We’ve all heard about the paperless office, and now we’re hearing about a cashless society.
The concept of a paperless office has been around for as long as I can remember. An early prediction of the paperless office was made in a 1975 Businessweek article. Of course, today, that dream of the paperless office hasn’t come true, though we are definitely on the path. It’s about time. According to the United States Environmental Protection Agency, the average office worker generates approximately two pounds of paper and paperboard products each day.
I started thinking about this when I read a New York Times article titled “In Sweden, a Cash-Free Future Nears.” Is there a parallel between the paperless office and a cashless society, both of which have been in the works for decades?
Like the long-predicted, slow-in-coming paperless office, the cashless society will come one day.
Bills and coins represent just two percent of Sweden’s economy versus 7.7% in the US. Surprisingly, half of Sweden’s largest banks keep no cash on hand. They also save a bundle on security since there is nothing to steal.
The shift is at least, in part, demographic, with young people almost always using cards and electronic payments to pay their bills, and of course technology is doing its part by making it easier to securely pay bills electronically:
- Mobile developments
- Peer-to-peer payments
- Tap to pay
- Apple Wallet and Android Pay
- Plug-in card readers
- Online banking and transfers
- More secure (EMV) chip cards with card-cloaking
According to the New York Times, the shift away from cash is not limited to banks. Everyone is getting into the act. Street vendors and churches were cited as being on board, because when they accept electronic payments, they experience higher sales and greater donations. Just like small businesses, big businesses benefit when customers find it easier and more convenient to pay electronically.

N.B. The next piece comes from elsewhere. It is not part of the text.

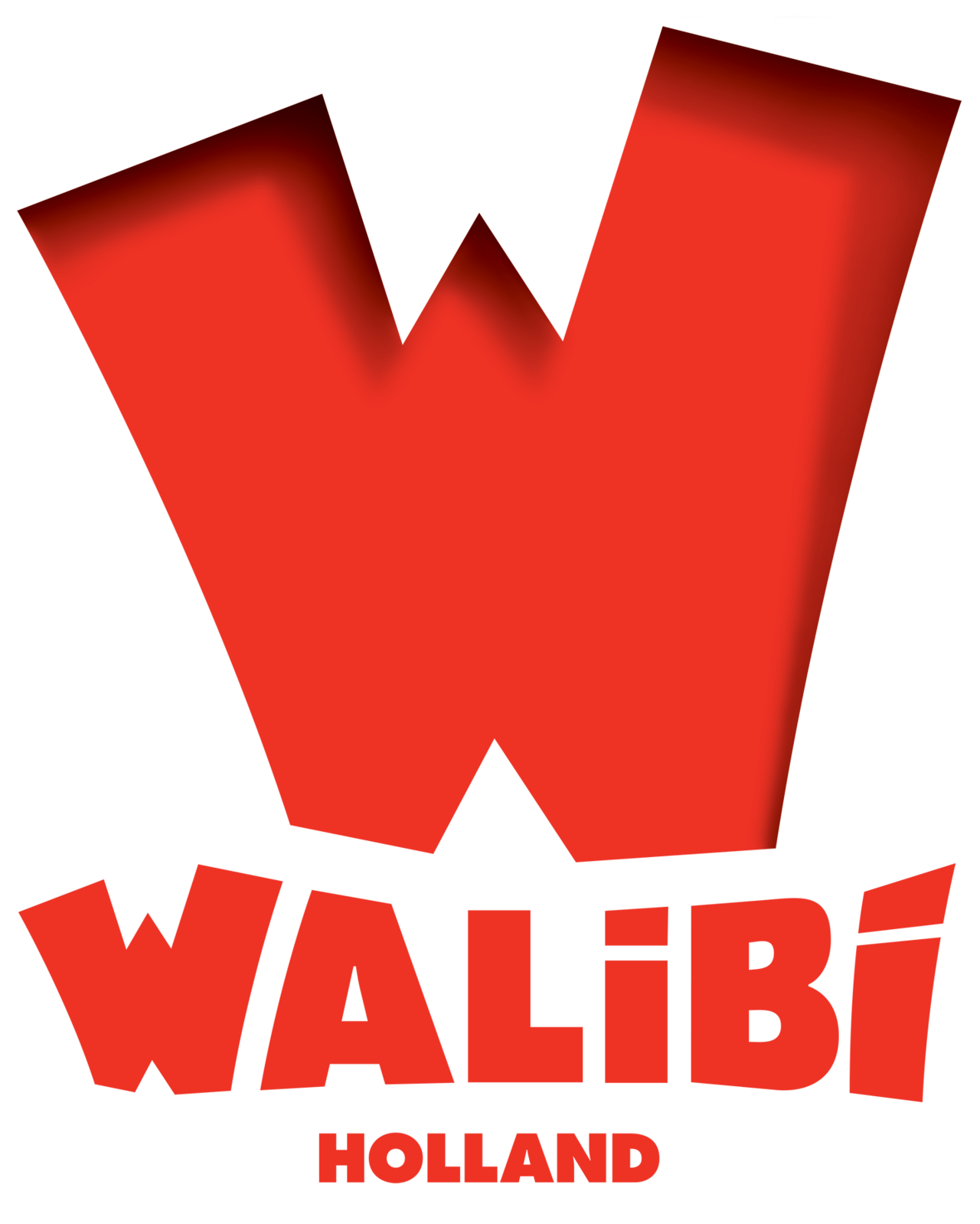 Walibi Holland logo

While many businesses benefit from the trend toward a cashless society, one must pity the poor ATM industry, as banks in Sweden dismantle hundreds of ATMs. While there are losers, there are winners too. Banks, as already mentioned, like the trend because it generates fees and lowers security costs. The government likes it because more transactions become trackable (and, thus, more easily taxed) and cash/coins are expensive to produce and maintain.
While very few of you reading this work for companies that are paid in cash, it is important to be on top of this trend and understand what it means to your business. Even though the US is lagging other developed countries in the shift to a cashless society, we must be prepared for its eventuality.
Like the long-predicted, slow-in-coming paperless office, the cashless society will come one day. The trends are clear; the timing is not. The increase in use of e-billing and e-payments and the decrease in the use of cash/checks are all good for business and should be embraced and promoted.
Who knows, that cash you have been putting under your mattress might be a great investment. After all, cash might become the ultimate collector’s item. You never know.